Material provided:
◇ ◇ ◇ ◇ ◇ ◇ ◇

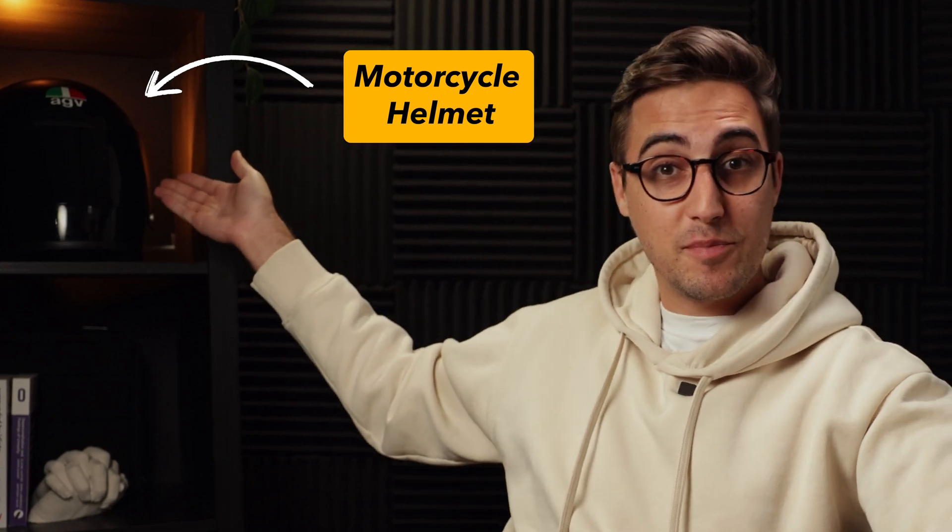Welcome back to a new video. I hope you enjoyed the new setup — I certainly do. Now I have a place where to put my motorcycle helmet, so it's nice. Today we are going to talk about 10 tips I wish that someone would have told me when I first started my UX UI design career. So let's get started.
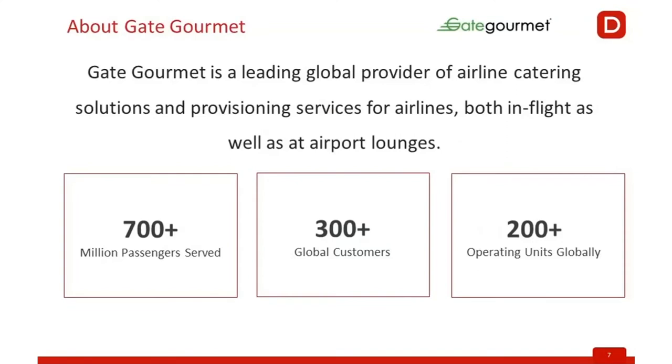Hello, good day everyone. It's a pleasure to be here joining this presentation and share some of the experience with Gate and Datamatics. We are still in the process of the journey, but happy to share some of the experiences.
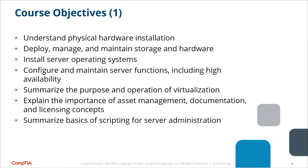High availability means that if one server goes down, another one comes up. You also need to summarize the purpose and operation of virtualization — why and how we use it — and explain the importance of asset management. Asset management means knowing all the assets in your network: endpoints, clients, access points, switches, routers, servers, UPS units — everything. You want to document them and ensure you have the appropriate licensing for all software and operating systems.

◇ ◇ ◇ ◇ ◇ ◇ ◇

Task description:
Every line of the data above should be repeated exactly. Omit the pictures.

Task answer:
Welcome back to a new video. I hope you enjoyed the new setup — I certainly do. Now I have a place where to put my motorcycle helmet, so it's nice. Today we are going to talk about 10 tips I wish that someone would have told me when I first started my UX UI design career. So let's get started.
Hello, good day everyone. It's a pleasure to be here joining this presentation and share some of the experience with Gate and Datamatics. We are still in the process of the journey, but happy to share some of the experiences.
High availability means that if one server goes down, another one comes up. You also need to summarize the purpose and operation of virtualization — why and how we use it — and explain the importance of asset management. Asset management means knowing all the assets in your network: endpoints, clients, access points, switches, routers, servers, UPS units — everything. You want to document them and ensure you have the appropriate licensing for all software and operating systems.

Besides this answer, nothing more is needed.